Such overtures are unlikely to gain the support of most white evangelicals, 73 percent of whom backed John McCain last November. But they may win some over and will very likely appeal to political moderates from other faith traditions, especially Roman Catholics, whom Obama won last year.

That kind of stagecraft can also help prevent the evangelical animus that plagued Bill Clinton in the second half of his administration and John Kerry in the 2004 election.

"This administration understands that they can't actively antagonize religious groups or be seen as insensitive to religious concerns," says Southern Baptist Convention public policy chief Richard Land, who has worked with presidents going back to Ronald Reagan. "They get that in a way that the John Kerry and Howard Dean wing of the party don't."

This helps explain why Land, a religious conservative who was close to the Bush White House, gets regular phone calls from DuBois, Obama's faith-based office director.

The administration's sensitivity on faith is also evident in the types of messages it avoids. When he reversed the Mexico City policy, a ban on federal funds for family planning providers abroad who offer or support abortion, Obama did so quietly, on a Friday evening. When Clinton lifted the same ban shortly after his 1992 election, he scheduled it on the anniversary of the Roe v. Wade decision, inflaming antiabortion groups (George W. Bush reinstated it).

"Obama's something of a puzzle to evangelicals who don't like some things he's done on abortion but can't bring themselves to hate him," says William Martin, author of With God on Our Side: The Rise of the Religious Right in America.

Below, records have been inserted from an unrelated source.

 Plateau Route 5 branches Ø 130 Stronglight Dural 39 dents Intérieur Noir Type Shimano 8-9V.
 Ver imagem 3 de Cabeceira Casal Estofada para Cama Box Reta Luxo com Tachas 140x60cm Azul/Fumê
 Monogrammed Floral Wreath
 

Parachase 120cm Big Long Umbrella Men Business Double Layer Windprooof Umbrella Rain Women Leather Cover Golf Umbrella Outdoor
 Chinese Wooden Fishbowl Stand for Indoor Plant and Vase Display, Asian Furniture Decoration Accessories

But whether Obama can bring together a diverse coalition of ordinary Americans to get past the culture wars is the question.

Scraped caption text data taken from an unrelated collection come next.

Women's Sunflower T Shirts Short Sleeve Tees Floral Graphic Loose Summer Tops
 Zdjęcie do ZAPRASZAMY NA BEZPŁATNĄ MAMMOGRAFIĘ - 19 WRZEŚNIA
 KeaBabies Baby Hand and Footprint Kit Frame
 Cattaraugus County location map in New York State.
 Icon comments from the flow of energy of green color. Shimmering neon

So-called values issues are among the deepest dividing lines in the electorate.

Many antiabortion groups have already attacked Obama's abortion-reduction plan as all talk.

Liberal groups, meanwhile, recently blasted the administration for inviting former Indianapolis Colts Coach Tony Dungy, who endorsed a gay marriage ban in Indiana, to join the faith advisory council. Dungy, an evangelical, declined the offer, citing scheduling conflicts with council meetings.

For now, such setbacks are unlikely to deter Obama.

As someone who said last year that he prays "to be an instrument of God's will," the president appears to be operating as a true believer.